Fonte: Ibict, Capes, Unicamp, Ufsc,USP, UFGS, PUC/SP, UnB, junho de 2008.

Como se pode observar na tabela 4, a autoavaliação é a principal preocupação investigativa dos estudos analisados, correspondendo a 77% do total de trabalhos

apresentados; nestes, a distribuição é equilibrada entre dissertações e teses, apresentando uma pequena diferença a favor das teses. A política avaliativa surge em segundo lugar na produção temática e representa 13% do total de pesquisas, seguida dos estudos de avaliação externa, com 6% dos trabalhos. O estado da arte apresenta o menor número de pesquisas, apenas 4% no total dos estudos selecionados para amostra.

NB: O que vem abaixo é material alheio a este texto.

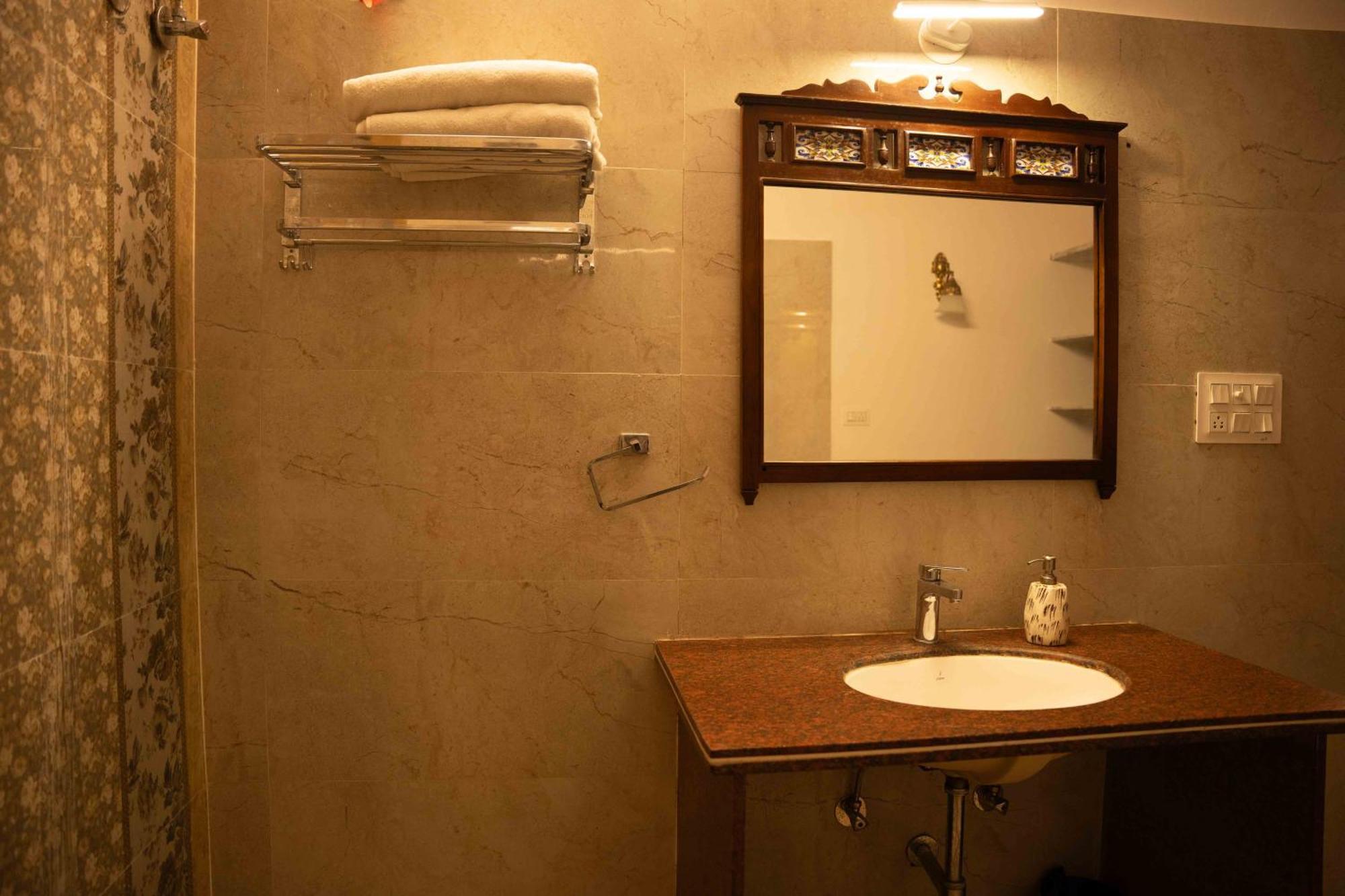 Hotel Karohi Villa Удайпур Екстериор снимка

Outra informação que a tabela 4 deixa perceber é a baixa ocorrência de estudos de impacto (de efeitos ou repercussão) entre as pesquisas sobre autoavaliação, pois estes representam apenas 7% do total de pesquisas selecionadas. No que se refere apenas às pesquisas sobre autoavaliação, com 44 trabalhos, os estudos de impacto, representados por 4 pesquisas, constituem apenas 9% das investigações.

A importância dos estudos de impacto se justifica ainda mais quando se compreende que as pesquisas propositivas e comparativas não deixam de ser também análise de processo. No caso das pesquisas propositivas essas representam os estudos nos quais o pesquisador possui papel decisivo no planejamento e/ou na execução das atividades avaliativas, logo descrevendo processos, porém com a diferença fundamental que o pesquisador se constitui também como um dos atores-sujeitos da investigação, possuindo capacidade de, a partir das próprias conclusões do estudo, propor e testar melhorias. Este tipo de análise aparece principalmente nas teses e utiliza princípios de pesquisa participante, pesquisa-ação ou, em estudos apenas teóricos, da epistemologia e da Sociologia Crítica, e desvela os compromissos da área de Educação em não apenas compreender, como também de propor mecanismos a partir dos aportes teóricos emancipatórios. Em relação aos estudos comparativos que integram a tabela 4, estes dizem respeito à análise comparativa de processos, sejam esses de autoavaliação (comparando rede pública e privada) ou política avaliativa (analisando sistemas avaliativos de nações diferentes ou comparando diferentes propostas avaliativas, como ENC, Paiub e Sinaes).

A carência de estudos de impacto pode ainda ser notada quando se observa os trabalhos apresentados, nos últimos 11 anos, nas reuniões anuais da Associação Nacional de Pós-graduação e Pesquisa em Educação (Anped), mais especificamente no Grupo de Trabalho (GT) de Política de Educação Superior, pois também neste espaço, fundamental ao debate coletivo da área de Educação, as discussões sobre os efeitos empíricos das políticas avaliativas sobre a dinâmica das IES ainda se encontram pouco presentes. (Cf. CUNHA, 2009 e apêndice A).

Pelo cenário exposto, a presente tese vem contribuir na ampliação de uma temática ainda em construção na agenda de pesquisa educacional brasileira, demonstrando relevância e pertinência teórica e prática.